* _TASK_
Give the lines below again exactly, starting with the line that holds "With digital cards, when" and going on through the line that holds "The saltiness is".

* _GIVEN ENTRIES_
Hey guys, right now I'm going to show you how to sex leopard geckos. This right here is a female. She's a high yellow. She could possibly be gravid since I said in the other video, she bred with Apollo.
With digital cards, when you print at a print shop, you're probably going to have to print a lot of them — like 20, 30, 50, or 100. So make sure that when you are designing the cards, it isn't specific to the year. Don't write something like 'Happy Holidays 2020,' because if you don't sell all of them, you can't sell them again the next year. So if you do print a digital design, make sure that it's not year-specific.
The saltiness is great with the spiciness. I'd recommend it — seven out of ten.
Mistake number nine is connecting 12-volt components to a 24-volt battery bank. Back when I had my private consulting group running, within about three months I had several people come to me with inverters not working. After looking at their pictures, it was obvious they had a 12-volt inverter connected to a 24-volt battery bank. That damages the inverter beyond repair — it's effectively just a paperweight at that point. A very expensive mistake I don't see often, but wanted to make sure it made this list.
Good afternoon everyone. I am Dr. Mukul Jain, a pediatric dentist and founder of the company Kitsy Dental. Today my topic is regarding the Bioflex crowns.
---
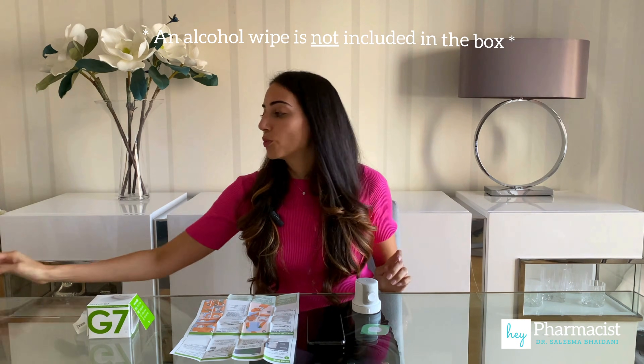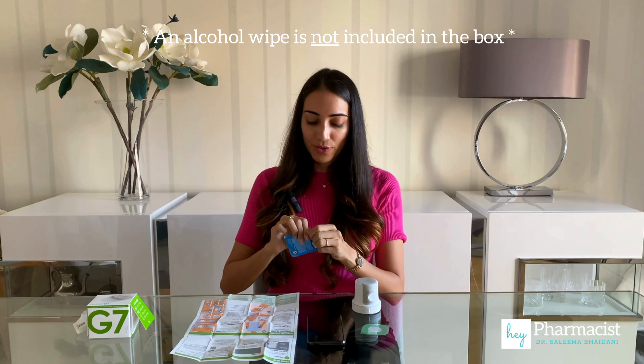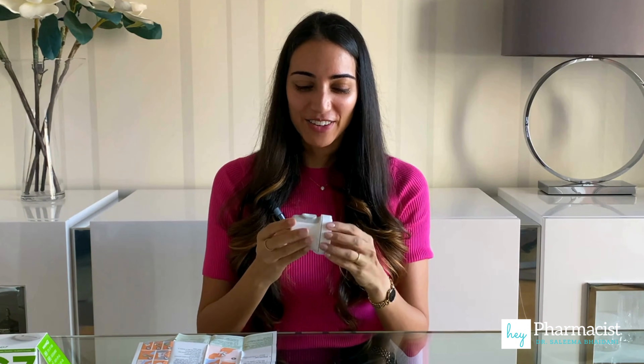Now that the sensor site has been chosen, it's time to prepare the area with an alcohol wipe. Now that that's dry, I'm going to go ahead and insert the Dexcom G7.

* _EXPECTED ANSWER_
With digital cards, when you print at a print shop, you're probably going to have to print a lot of them — like 20, 30, 50, or 100. So make sure that when you are designing the cards, it isn't specific to the year. Don't write something like 'Happy Holidays 2020,' because if you don't sell all of them, you can't sell them again the next year. So if you do print a digital design, make sure that it's not year-specific.
The saltiness is great with the spiciness. I'd recommend it — seven out of ten.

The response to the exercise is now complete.